**How to complete this task:** Output, word for word, the lines of this listing that fall between the line with "Prof. Dr. Carlos Rivas Echeverria" and the line with "Białystok/ Turystyczne przejazdy", counting both of those lines, and no others.

**Entries shown:**
------------
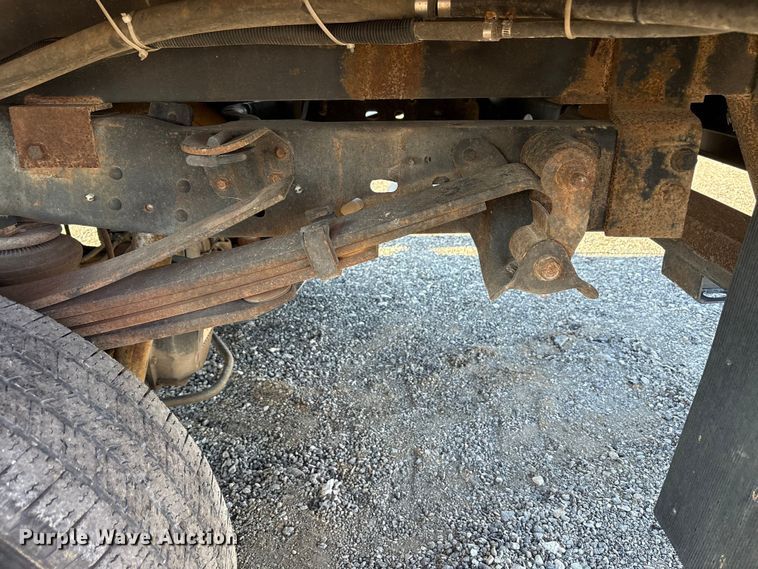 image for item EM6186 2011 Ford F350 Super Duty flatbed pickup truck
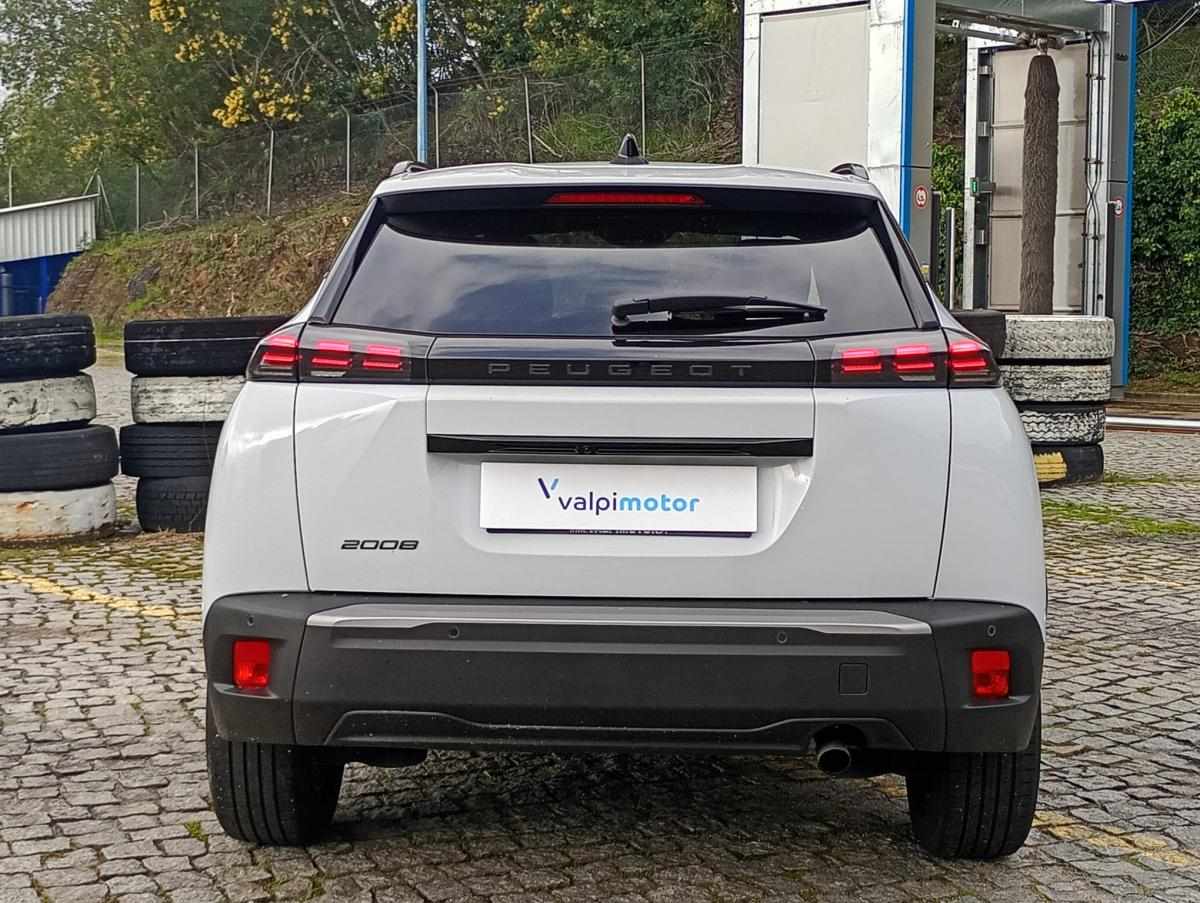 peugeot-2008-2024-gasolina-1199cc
------------
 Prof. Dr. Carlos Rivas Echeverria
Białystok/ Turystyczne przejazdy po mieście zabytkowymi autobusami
------------
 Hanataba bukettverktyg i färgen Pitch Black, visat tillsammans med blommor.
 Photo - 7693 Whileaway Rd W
------------
**Expected answer:**
 Prof. Dr. Carlos Rivas Echeverria
Białystok/ Turystyczne przejazdy po mieście zabytkowymi autobusami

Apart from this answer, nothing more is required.